Family Relationships

There are no family relationships among our directors and executive officers.

Involvement in Certain Legal Proceedings

None of our directors or executive officers has, during the past five years:

·

Had any petition under the federal bankruptcy laws or any state insolvency law filed by or against, or had a receiver, fiscal agent, or similar officer appointed by a court for the business or property of such person, or any partnership in which he was a general partner at or within two years before the time of such filing, or any corporation or business association of which he was an executive officer at or within two years before the time of such filing;

·

Been convicted in a criminal proceeding or a named subject of a pending criminal proceeding (excluding traffic violations and other minor offenses);

·

Been the subject of any order, judgment, or decree, not subsequently reversed, suspended, or vacated, of any court of competent jurisdiction, permanently or temporarily enjoining him from, or otherwise limiting, the following activities:

(i)

Acting as a futures commission merchant, introducing broker, commodity trading advisor, commodity pool operator, floor broker, leverage transaction merchant, any other person regulated by the Commodity Futures Trading Commission, or an associated person of any of the foregoing, or as an investment adviser, underwriter, broker or dealer in securities, or as an affiliated person, director or employee of any investment company, bank, savings and loan association or insurance company, or engaging in or continuing any conduct or practice in connection with such activity;

(ii)

Engaging in any type of business practice; or

(iii)

Engaging in any activity in connection with the purchase or sale of any security or commodity or in connection with any violation of federal or state securities laws or federal commodities laws;

·

Been the subject of any order, judgment, or decree, not subsequently reversed, suspended, or vacated, of any federal or state authority barring, suspending, or otherwise limiting for more than 60 days the right of such person to engage in any activity described in (i) above, or to be associated with persons engaged in any such activity;

·

Been found by a court of competent jurisdiction in a civil action or by the SEC to have violated any federal or state securities law, where the judgment in such civil action or finding by the SEC has not been subsequently reversed, suspended, or vacated; or

·

Been found by a court of competent jurisdiction in a civil action or by the Commodity Futures Trading Commission to have violated any federal commodities law, where the judgment in such civil action or finding by the Commodity Futures Trading Commission has not been subsequently reversed, suspended, or vacated.



29



Board of Directors

Our board of directors is currently composed of three members.
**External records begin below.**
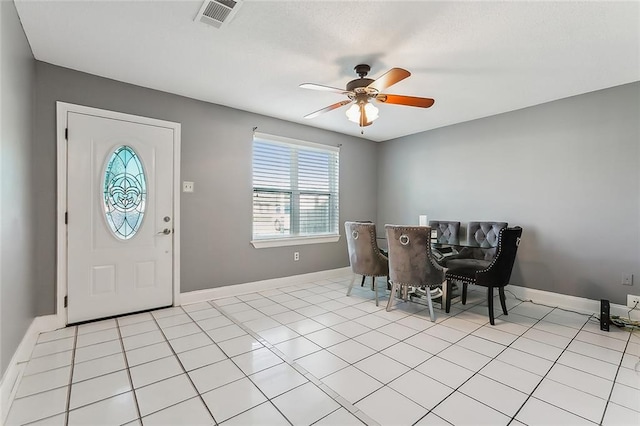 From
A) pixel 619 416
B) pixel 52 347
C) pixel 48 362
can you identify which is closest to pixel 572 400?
pixel 619 416

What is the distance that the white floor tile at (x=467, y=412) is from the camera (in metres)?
1.60

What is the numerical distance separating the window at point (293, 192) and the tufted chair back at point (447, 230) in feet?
5.47

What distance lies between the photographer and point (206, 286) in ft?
12.2

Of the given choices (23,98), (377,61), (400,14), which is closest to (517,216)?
(377,61)

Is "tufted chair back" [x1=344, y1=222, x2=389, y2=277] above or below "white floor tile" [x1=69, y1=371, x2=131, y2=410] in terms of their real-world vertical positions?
above

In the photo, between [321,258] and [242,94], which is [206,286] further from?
[242,94]

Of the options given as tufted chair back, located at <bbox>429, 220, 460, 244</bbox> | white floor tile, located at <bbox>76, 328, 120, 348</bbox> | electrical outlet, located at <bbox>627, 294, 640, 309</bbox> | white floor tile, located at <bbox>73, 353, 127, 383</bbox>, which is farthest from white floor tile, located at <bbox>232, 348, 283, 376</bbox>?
electrical outlet, located at <bbox>627, 294, 640, 309</bbox>

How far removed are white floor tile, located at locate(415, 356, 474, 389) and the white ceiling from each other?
2493mm

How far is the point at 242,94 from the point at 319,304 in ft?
8.83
All members of our board of directors serve in this capacity until their terms expire or until their successors are duly elected and qualified. Our bylaws provide that the authorized number of directors will be not less than one.

Board Committees; Director Independence

Our Board of Directors does not maintain a separate audit, nominating or compensation committee. Functions customarily performed by such committees are performed by its Board of Directors as a whole. We are not required to maintain such committees under the applicable rules of the Over-the-Counter Bulletin Board. We do not currently have an “audit committee financial expert” since we currently do not have an audit committee in place. We intend to create board committees, including an independent audit committee, in the near future.
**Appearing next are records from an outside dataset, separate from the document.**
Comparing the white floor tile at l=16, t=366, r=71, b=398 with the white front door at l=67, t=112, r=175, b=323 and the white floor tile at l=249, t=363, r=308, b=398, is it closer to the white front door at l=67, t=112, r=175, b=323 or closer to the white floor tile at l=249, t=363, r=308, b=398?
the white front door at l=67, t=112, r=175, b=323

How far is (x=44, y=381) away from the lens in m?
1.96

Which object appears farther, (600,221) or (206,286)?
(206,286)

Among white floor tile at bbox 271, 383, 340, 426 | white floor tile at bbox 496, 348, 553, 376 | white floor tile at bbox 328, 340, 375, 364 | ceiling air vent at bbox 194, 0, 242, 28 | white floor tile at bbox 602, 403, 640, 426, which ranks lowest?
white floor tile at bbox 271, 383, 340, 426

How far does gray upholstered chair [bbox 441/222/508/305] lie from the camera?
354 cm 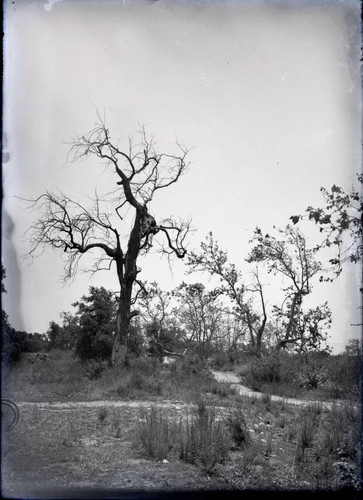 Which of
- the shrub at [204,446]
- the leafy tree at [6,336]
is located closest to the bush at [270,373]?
the shrub at [204,446]

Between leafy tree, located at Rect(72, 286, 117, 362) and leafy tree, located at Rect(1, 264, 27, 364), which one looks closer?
leafy tree, located at Rect(1, 264, 27, 364)

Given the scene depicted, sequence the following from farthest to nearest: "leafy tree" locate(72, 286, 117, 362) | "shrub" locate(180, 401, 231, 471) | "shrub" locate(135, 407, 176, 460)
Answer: "leafy tree" locate(72, 286, 117, 362), "shrub" locate(135, 407, 176, 460), "shrub" locate(180, 401, 231, 471)

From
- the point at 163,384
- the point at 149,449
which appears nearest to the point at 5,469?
the point at 149,449

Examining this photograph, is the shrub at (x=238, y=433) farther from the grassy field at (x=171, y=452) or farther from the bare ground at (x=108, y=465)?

Our common stock is quoted on the Over-the-Counter Bulletin Board and, therefore, we are not required to maintain a board consisting of majority independent directors and we are not currently otherwise subject to any law, rule or regulation requiring that all or any portion of our Board of Directors include "independent" directors. Our board of directors reviewed the independence of the directors using the criteria established by the American Stock Exchange. Our board of directors has determined that only one of the directors – Volker Anhaeusser – is independent based on such criteria.

Compensation Committee Interlocks and Insider Participation

No interlocking relationship exists between our board of directors and the board of directors or compensation committee of any other company, nor has any interlocking relationship existed in the past.

Section 16(a) of the Exchange Act

Section 16(a) of the Exchange Act requires our directors and certain of our officers, as well as persons who own more than 10% of a registered class of our equity securities (“Reporting Persons”), to file reports with the SEC. During the fiscal year ended December 31, 2008, based solely on a review of such materials as are required by the SEC, no Reporting Persons failed to timely file with the SEC any form or report required to be so filed pursuant to Section 16(a) of the Exchange Act.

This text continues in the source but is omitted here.